Невинность палачей - Барбара Абель
Шрифт:
Интервал:
Закладка:
Бухгалтер и рецепционистка наблюдают за агонией Леа Фронсак, не имея возможности ей помочь. Жуткое зрелище: тело, бьющееся в попытке избежать асфиксии, напрасная битва за глоток кислорода, пытка – молниеносно короткая для постороннего взгляда, но такая долгая, жестокая, полная страданий – для жертвы…
Когда тело молодой женщины содрогается в последний раз и застывает, оба затаивают дыхание – тщетное проявление солидарности перед неизбежной развязкой.
Софи Шене не может отвести глаз от неподвижного тела и не находит в себе сил противиться бушующим волнам ужаса, разрушающим плотину здравого смысла и сметающим на своем пути любую попытку рефлексии. Связанная и с кляпом во рту, рецепционистка отдается на волю страху и отвращению, а ее разум наотрез отказывается верить в происшедшее. Не имея возможности выразить всю глубину своего ужаса жестами и голосом, она погружается в нервную, безмолвную летаргию.

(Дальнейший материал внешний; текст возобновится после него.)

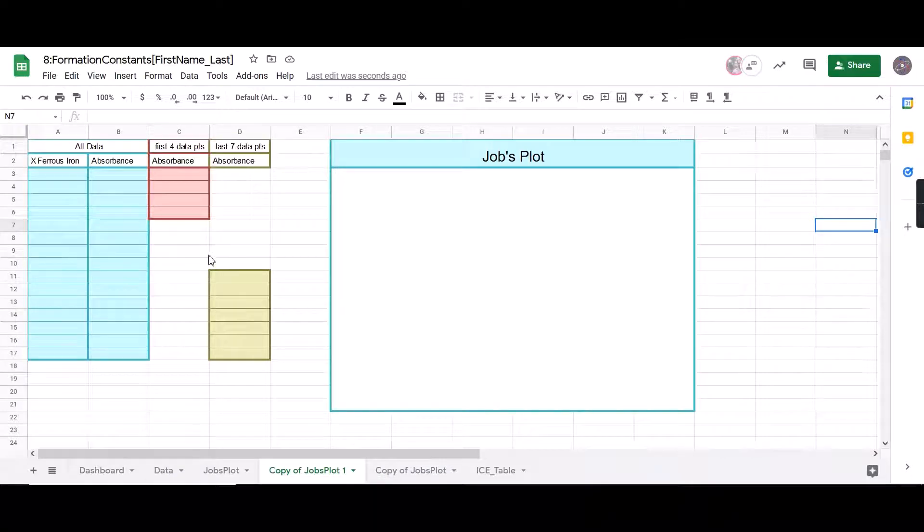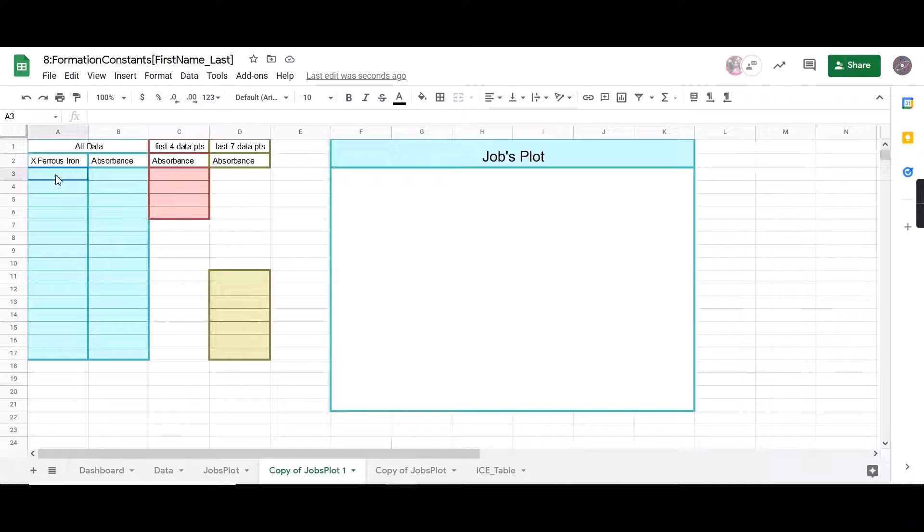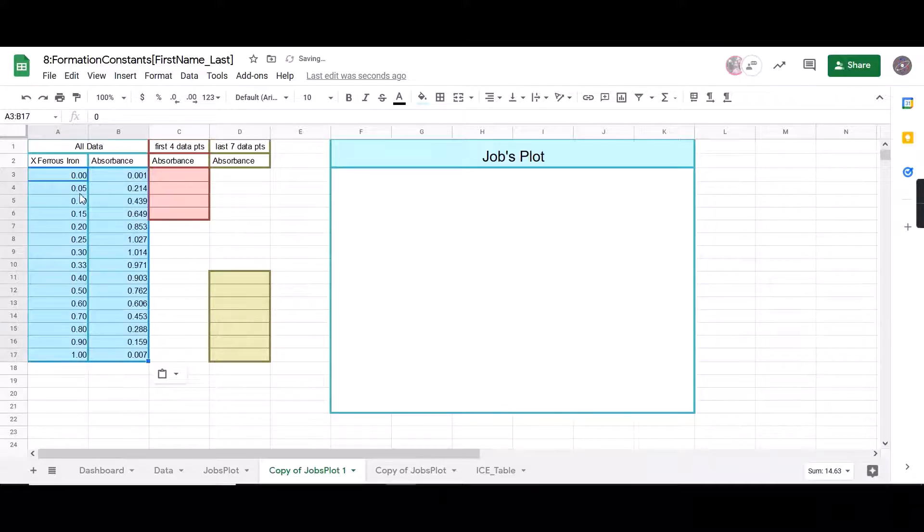Hello everybody, we're going to be going over how to make a Job's plot. First thing I'm going to do is I'm going to paste my data for my mole fraction of iron and my absorbance.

Щеки у нее мокрые от слез, и, кажется, еще немного – и неудержимые, душераздирающие рыдания, пробивающиеся через кляп, задушат ее саму.
У Тома Пессена все чувства обострены, и он на время оставляет попытки освободиться. Он смотрит, как его спутница сражается с подступающим безумием. Он тоже невольно затаивает дыхание, в то время как в голове появляется надежда, которой он пока не позволяет зреть. Но картинки уже тут как тут, переваливают через кордон совести: в смерти Леа Фронсак, за которую никто не несет прямой ответственности, он вдруг обнаруживает способ избавиться разом от всех своих несчастий.

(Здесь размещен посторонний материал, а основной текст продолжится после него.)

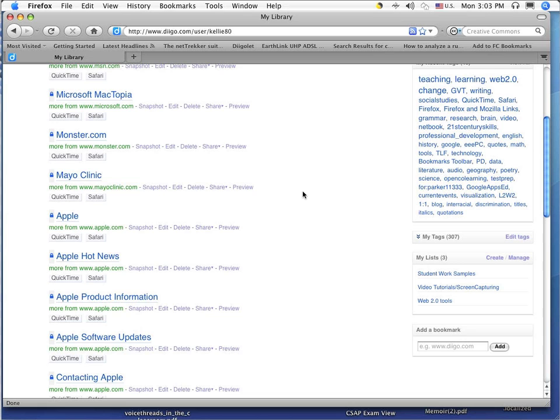If you have any difficulty importing your bookmarks into Diigo, please contact your tech person and they will be happy to help you.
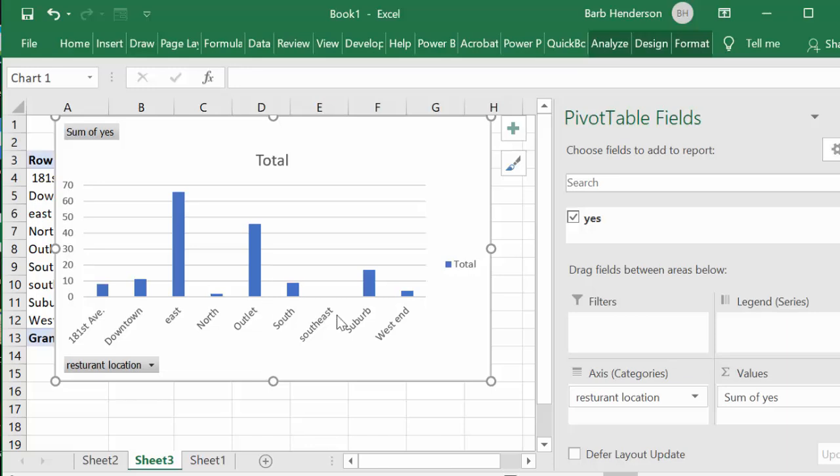So this is how you handle a yes no field in a pivot table. Please subscribe.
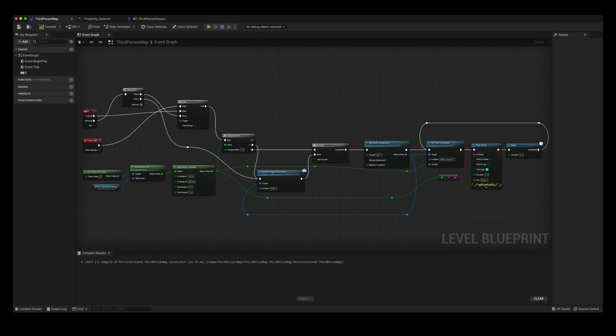The way that the MetaSound stops playing is through the compare float node. If the distance between the actors is equal to 1, my distance threshold, then my trigger parameter stop is executed. It then resets my do once node. The do once node is important, as this way the MetaSound won't be constantly re-triggered every frame by the event tick node.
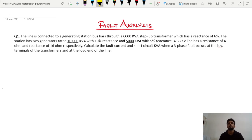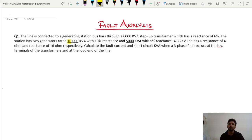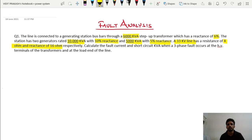In the last lecture we saw how to calculate fault current and short circuit kVA. Now we will see a few questions related to that topic. In our first question, a line is connected to a generating station bus bar through a 6000 kVA step-up transformer with 6% reactance. The station has two generators: 10,000 kVA with 10% reactance and 5000 kVA with 5% reactance. A 33 kV line has a resistance of 4 ohm and reactance of 16 ohm.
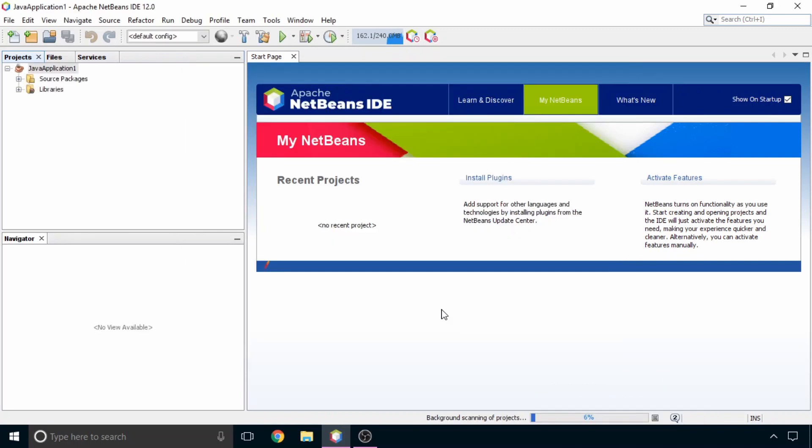So this is how you can download NetBeans on your Windows operating system. Follow these steps and install NetBeans on your machine. And I will see you in the next video.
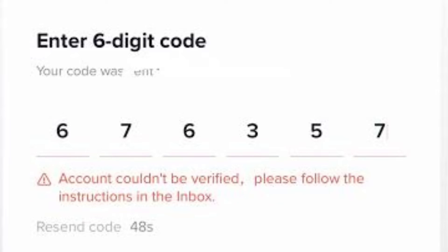Be patient. It may take some time for TikTok to review your documentation and verify your account. If you are having trouble following the instructions in the inbox, or if you are not sure what to do, you can contact TikTok support for help.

Бухгалтер закрывает глаза. Он растерян. Он уговаривает себя. Сглатывает комок в горле. И наконец снова берет себя в руки.

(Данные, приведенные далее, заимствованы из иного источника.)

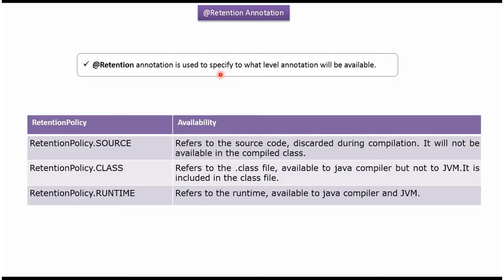Using @Retention annotation we can specify till what level annotation will be available. If retention policy is runtime then annotation will be available to the compiler and JVM.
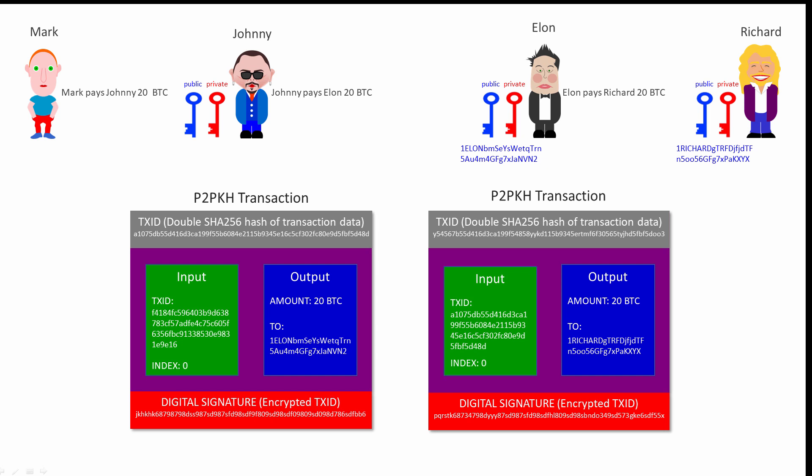Now, this is not the whole picture. Different types of transactions can have different validation rules. For that reason, the instructions on how a node should validate a transaction are actually stored within the transaction. They are part of the transaction data. These instructions are written in a very simple programming language called script. But that's another story.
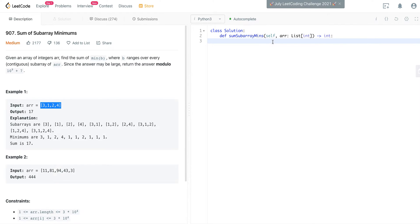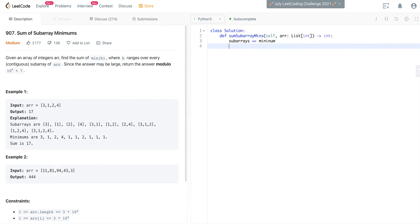What you want to do is the opposite — do not follow the logic of getting all subarrays then finding the minimum. Instead, assume each integer in the array is the minimum value, then find all the subarrays that this minimum value could be in.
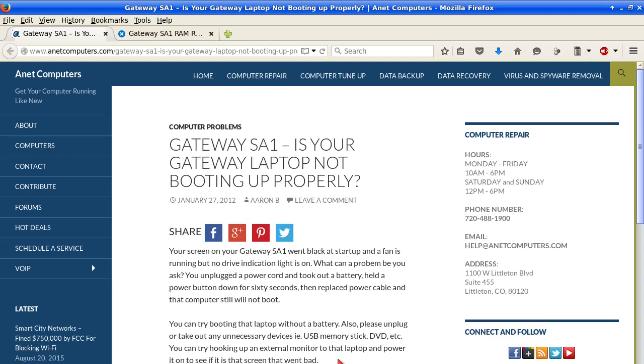Another video for you today, Otra video para ti hoy, Gateway SA1. Is your Gateway laptop not booting up properly?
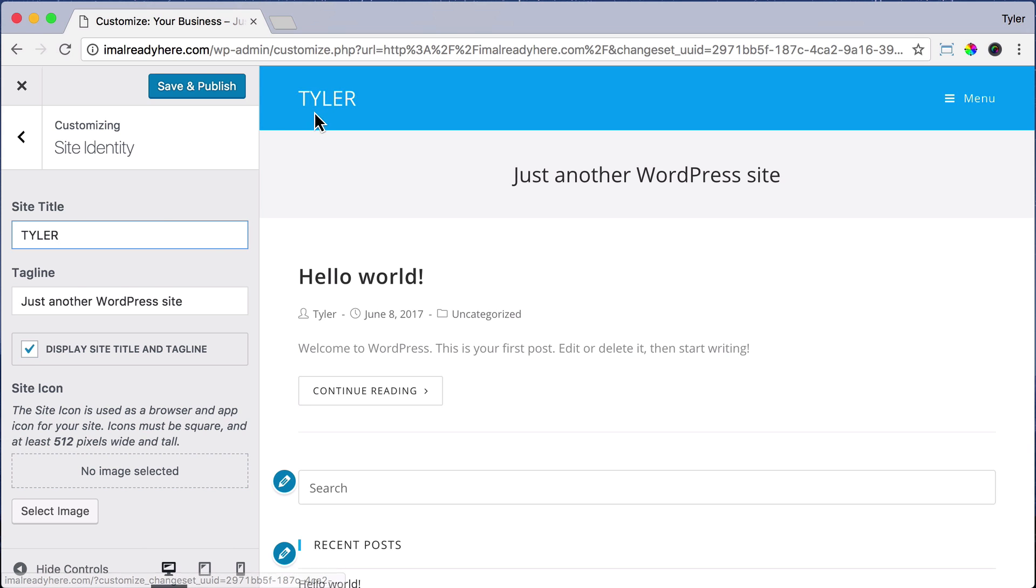Then under tagline, describe your business. So if I had a cooking business, maybe it would say, learn to cook and bake with recipes and articles.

Открыв глаза, он видит, что состояние Софи не улучшилось. Она рыдает, шмыгает носом, и каждый вдох дается ей с бóльшим трудом, чем предыдущий. Приступ кашля ухудшает положение. Она скрючивается на полу, кашляет, не может отдышаться.
Надежды Тома оживают – обретают форму, силы, становятся все безумнее. Хочет он того или нет, постыдное желание пропитывает собой каждую мысль, поглощает угрызения совести, усыпляет сомнения. Софи – единственная свидетельница его неверности. Если она сейчас умрет, как Леа Фронсак, его вину никто не сможет доказать…
Он предпринимает еще одну попытку прогнать от себя это гнусное желание. События последних часов перевернули его сознание. Смотреть, как умирают три человека, – такой ужас кого угодно выбьет из колеи. Он уже не помнит, где находится, он балансирует между возмущением и психозом, чувствует, как мутится разум. Столкнувшись с жестокостью ситуации, прежде неизведанной, его инстинкт самосохранения, что называется, закусил удила, и стало ясно: Тома Пессен, скромный бухгалтер, примерный супруг и образцовый семьянин, способен убить ради того, чтобы вернуться в комфорт своей обычной, ничем не примечательной жизни.
Это решение пугает и, несмотря на упрямые попытки его подавить как нечто немыслимое, навязывает себя наперекор всему и вся. Заставляет напряженно следить за каждым движением любовницы. Софи к этому времени уже справилась с эмоциями, и ее дыхание мало-помалу восстанавливается.
У Тома сжимается сердце.
Если что-то и предпринимать, то теперь. Сейчас или никогда.
Он снова трется запястьями о железный уголок, спеша освободиться. Гонит от себя вопросы, сомнения, стыд и страх, чтобы сосредоточиться на цели. Обрести свободу… И возможность распоряжаться своей судьбой. Спасти свою жизнь. Сохранить семью.
Совсем рядом Гийом Вандеркерен так и не приходит в сознание. Сердце у Тома стучит как сумасшедшее: обстоятельства складываются так, чтобы его план сработал! А чуть поодаль Софи Шене тихо плачет от отчаяния и безнадежности.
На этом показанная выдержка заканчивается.